O tributo municipal é calculado com base no valor do imóvel e a chegada das construtoras é mais um elemento a inflacionar o custo da locação. O aluguel também reflete a valorização da propriedade, explica o especialista em mercado imobiliário Daniel Sznelwar.
"Se compram um imóvel do lado do meu e fazem um prédio para pessoas com maior poder aquisitivo, o comércio pode ter uma margem maior. Da mesma forma, o imóvel vale mais", diz Sznelwar.
Se por um lado há motivos para o aluguel subir, por outro, a diminuição da circulação de pedestres após a pandemia e a ausência de lugares para parar carros –estacionamentos também estão dando lugar a prédios– reduziram a atratividade dos pontos comerciais.
Sinais da transformação pela qual a cidade passa e contra a qual há pouco o que se possa fazer, explica Roberto Mateus Ordine, presidente da Associação Comercial de São Paulo.
Ordine explica que a decadência da Augusta teve início muito antes da atual expansão imobiliária, pois está relacionada à chegada dos shoppings centers no final dos anos 1960. "Os consumidores mudaram de hábito, passaram a comprar em locais com mais comodidade e segurança", diz.
Com a migração do consumidor com mais dinheiro para os centros de compras, butiques deram lugar a um comércio com produtos de baixo valor agregado.
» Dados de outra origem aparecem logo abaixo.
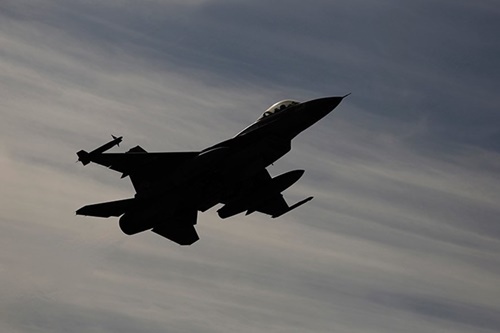 Máy bay chiến đấu Israel phóng tên lửa gần Damascus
Quanto à atual transformação, há tendência de redução dos comércios populares. Serão substituídos por prestadores de serviços, como lavanderias, academias e clínicas voltadas à estética e bem-estar, prevê Ordine. "Com algumas diferenças, essa transformação já aconteceu no outro lado da Augusta, que liga a avenida Paulista ao centro", compara.
Quem resiste busca adequação à nova realidade. É o que fez o restaurante gerenciado por Vando Moreira, 54, obrigado a se mudar para um salão menor quando o locador vendeu o imóvel para uma construtora. "Tivemos que sair para o dono demolir", conta.
Apesar de mais apertado, o novo estabelecimento, na mesma calçada, tem aluguel de R$ 20 mil por mês, quase o dobro do anterior. "Está muito caro. É por isso que tem muita gente saindo daqui", diz Moreira, que cobra R$ 26 o prato-feito, com opções como picadinho, frango à passarinho e fígado.
Dono de uma papelaria, Dearo Germinari, 59, compensa a ausência de compradores presenciais com os milhares de clientes que atende por Whatsapp. Mas isso não compensa a falta que faz a Augusta viva. "Uma rua que era maravilhosa há 14 anos, quando cheguei, está agora parecendo um cemitério, com tantos prédios e ninguém andando nas calçadas."